Per poi riprendere alle prime luci del giorno il cammino, qualche ora ancora di montagna per arrivare alla St. Joseph prima del suono della campanella.
“Ho avuto paura di non farcela e temuto per la mia vita – ha detto George al preside, presentandosi nel suo ufficio con lo sguardo innocente e vestito come uno scolaretto della primaria – ma mi è stato detto che se non mi fossi presentato oggi qui, il mio posto sarebbe stato dato a qualcun altro”.


George ha spiegato che i suoi genitori non si potranno mai permettere di pagare la scuola dei suoi sogni e che a malapena sono riusciti a tirare su lui e i suoi fratelli senza fargli mancare il solo pasto al giorno e che i tentativi di chiedere una borsa di studio sono caduti nel vuoto.
“Il sacrificio non mi spaventa – ha detto visibilmente stremato – per andare alla Primary mi svegliavo alle 3 del mattino e sono uscito come primo della classe. Da grande vorrei fare il pilota d’aereo”.
Il preside della St. Joseph ha raccontato il suo stupore nel vedere il ragazzo nel suo ufficio.


“Quando la segretaria mi ha detto che avevo visite, tutto mi aspettavo tranne di vedere un ragazzo con un uniforme a brandelli di una scuola elementare di un’altra contea, che tremava per il freddo di Kitale. Mi ha supplicato di poter andare in classe con i compagni, anche se non aveva altro vestiario e le scarpe sembravano più due pantofole”.
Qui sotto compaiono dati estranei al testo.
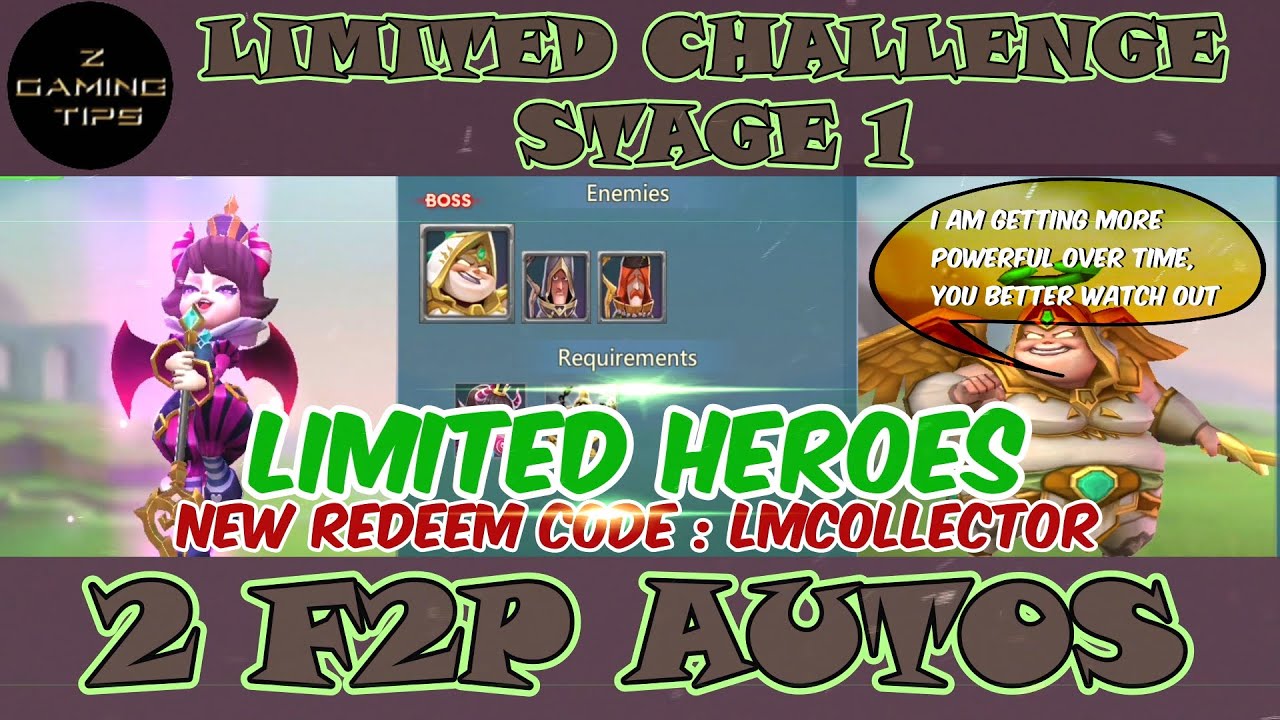 Petite Devil Limited Challenge Stage 1 - Trick vs Trick (2 F2P Auto Modes)  | Limited Heroes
Così il preside, per attivare probabili benefattori, ha deciso di raccontare questa storia ai media ed è già partita la gara di solidarietà per garantire il college a George, in un paese in cui i sogni dei giovani, specie quando riguardano l’istruzione, non sono lontani chilometri, ma anni luce dal quello che dovrebbe essere il naturale accompagnamento alla loro realizzazione”.